Wohnungsnot in Berlin: Bauen für die Ärmsten

Berlins Wohnungsmarkt ist ungerecht. Und das wird auch so bleiben, wenn nicht gebaut wird. Weil auch das beste Mietrecht Lücken hat. Ein Kommentar.

Ein Kommentar von Ralf Schönball

Die Welt ist nicht gerecht, natürlich nicht. Aufgabe der Politik ist es, auszugleichen, Härten abzufangen, damit niemand ins Abseits gerät. Dann leben alle besser, weil es die Sicherheit gibt, die verloren geht, wenn einige nichts mehr zu verlieren haben.

Helfen heißt: Den Mangel beseitigen

Berlins Wohnungsmarkt ist ungerecht. Wer hat, dem wird gegeben. Hauseigentümer werden reicher, ohne einen Finger zu krümmen, weil der Markt es so will. Sie profitieren von Zinsen am Nullpunkt und vom Mangel an Wohnraum, der die Mieten und den Wert der Häuser steigen lässt. Wer eine Immobilie kaufte und sei es auf Pump, den kostet sie wenig. So viel wie nie zuvor zahlt dafür, wer eine Wohnung braucht. Dieses Unrecht beendet, wer den Mangel beseitigt. Denn wenn es mehr Wohnungen gibt, dann zahlt kein Mieter zu viel, weil genug da sind für alle.

Zivilcourage braucht es, wer hat sie?

Zivilcourage braucht, wer in politischer Verantwortung die Konsequenz zieht aus diesen Tatsachen und handelt. Mangelt es daran in der Koalition? Berlins Senatorin für Stadtentwicklung hat Mut bewiesen. Sie hat das enge Band zerschnitten, das Bauwirtschaft und Lokalpolitik verband und in der Ära der großen Koalitionen Ämterpatronage, Vorteilnahme und Berlins Bankaffäre auslöste. Sie hat sich angelegt mit Verbänden und Lobbyisten. Und sie hält ihre Hand über die Mieter. Aus politischem Kalkül, denn diese wählen sie: Die Linke ist nun stärker als die Sozialdemokratie in der Stadt.

Wer schwach ist, verliert

Reicht das aus? Nein, und es ist nur eine Frage der Zeit, bis die Wähler es am eigenen Leibe erfahren. Wo der Staat den Mangel verwaltet, sind die Schwächsten die Verlierer. Häuser kaufen, Firmen enteignen schafft nicht mehr Wohnungen, um die Mieter kämpfen. Niemals lassen sich die Lücken im Mietrecht so stopfen, dass Spekulanten sie nicht ausnutzen, um vom Mangel zu profitieren. Der neueste Trend: ein Tisch, ein paar Stühle, und die Wohnung ist möbliert und die Mietpreisbremse gelöst. Wer nicht zahlen kann, verliert, es werden mehr, weil die Einkommen weniger steigen als die Mieten. Wem gehört Berlin? Den Hausbesitzern.

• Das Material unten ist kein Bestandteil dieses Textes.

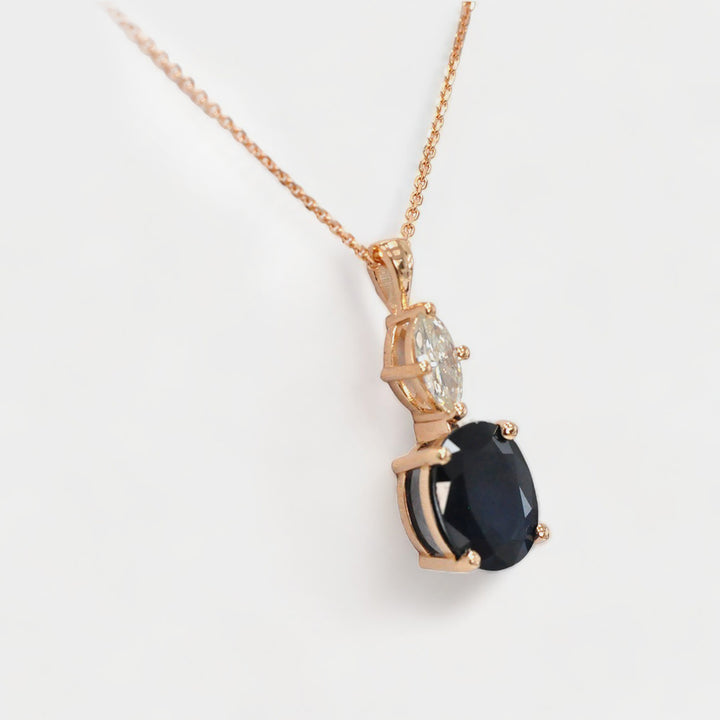 Sapphire and Marquise Diamond Pendant in Rose Gold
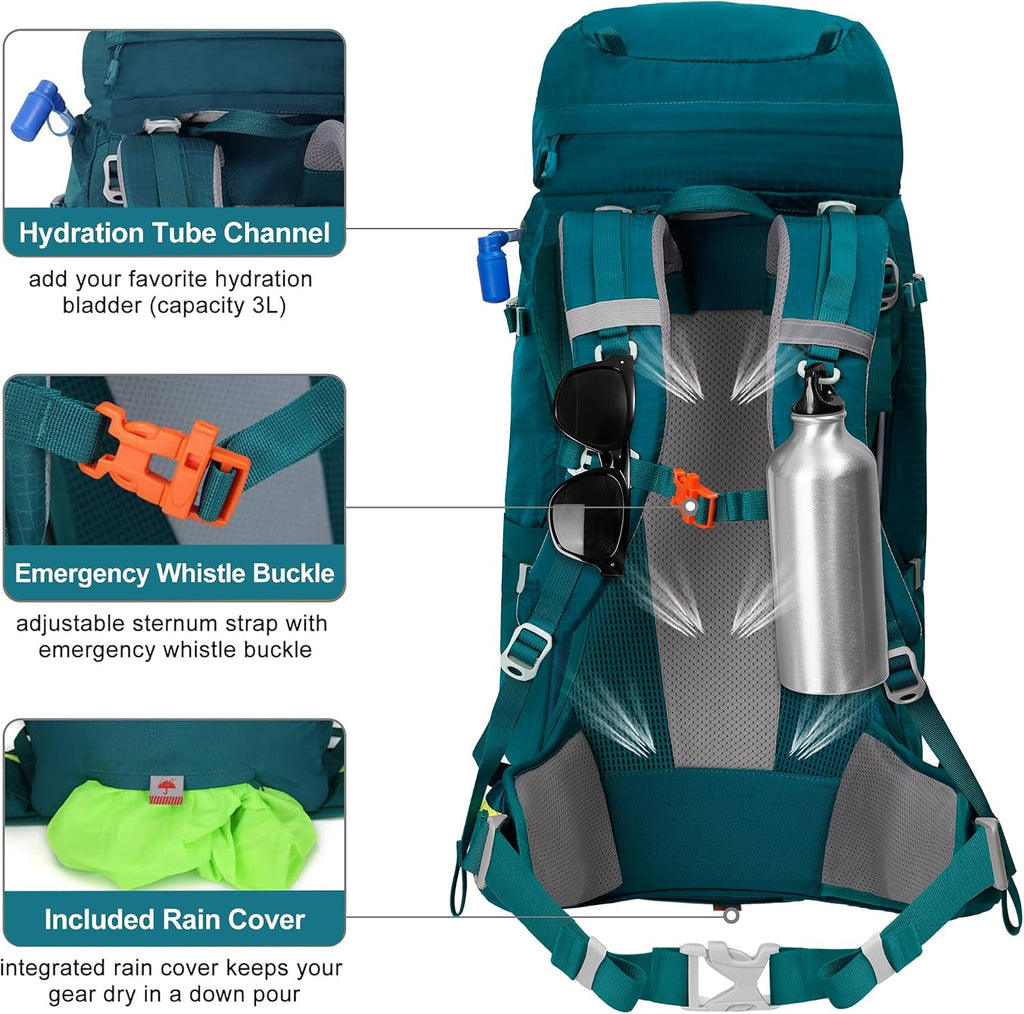 N NEVO RHINO Internal Frame Hiking Backpack 50/60/65/70/80L with Rain Cover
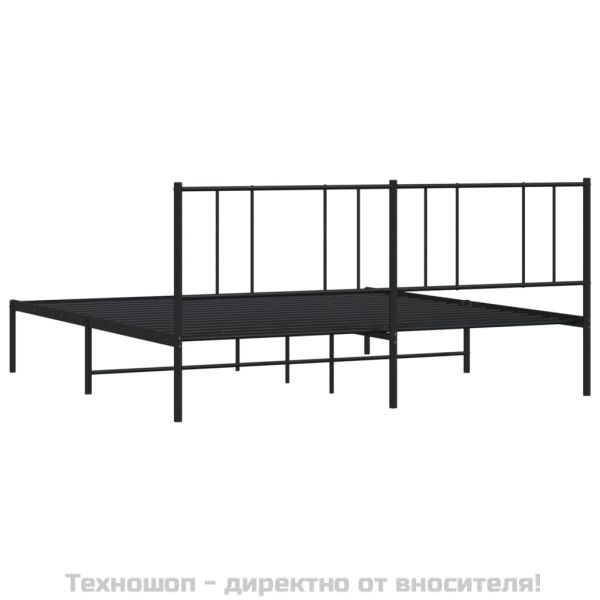 Метална рамка за легло с горна табла, черна, 200x200 см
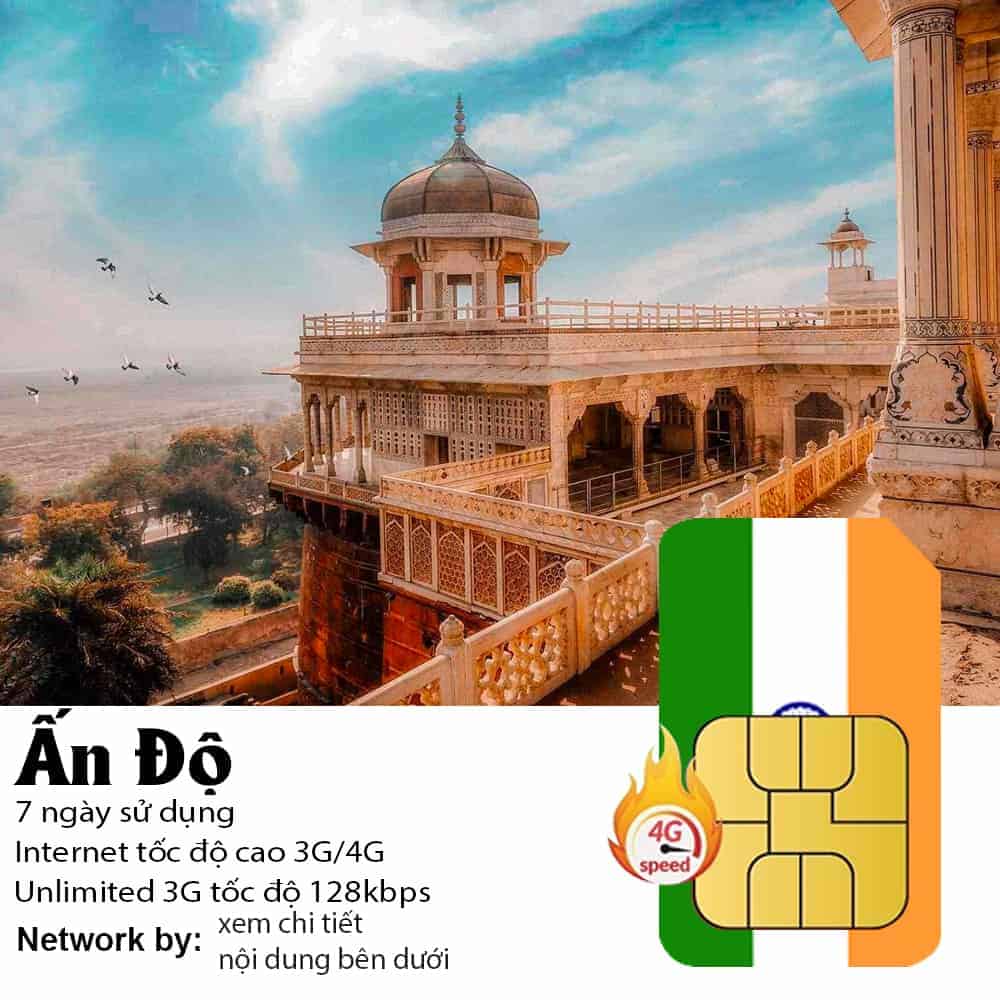 Sim du lịch Ấn Độ 7 ngày 3GB/5GB/10GB Data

Zweite Halbzeit für R2G, die Entscheidende

R2G startet bald in die zweite Hälfte der Legislatur. In der ersten hat sie den Wohnungsmarkt reguliert. Jetzt, in der zweiten Halbzeit, geht es ums Ergebnis: die Bekämpfung des Mangels. Das geht nur durch Neubau. Nicht verschämt, auf Dächern und in Lücken, sondern weithin sichtbar: Wir müssen die Stadt erweitern durch neue Quartiere, neue Siedlungen.

Warum alle nach Wien schauen

Dazu braucht es ein politisches Bekenntnis. So wie Wien es tat, vor einem Jahrhundert mit dem „Gemeindebau“, der bis heute läuft: Für zig Millionen entsteht ein neuer Stadtteil. Und die Bewohner begehren nicht auf, weil sie profitieren von günstigen Mieten. Wer warnend auf die Kosten des sozialen Wohnungsbaus zeigt, der vergisst die Genossenschaften. Sie haben volle Kassen und wollen bauen. Deren Mieten sind vielleicht für Hartz-IV-Empfänger zu hoch, nicht aber für Polizisten und Krankenschwestern. Und die finden am freien Markt mit ihrem Einkommen auch keine Wohnung.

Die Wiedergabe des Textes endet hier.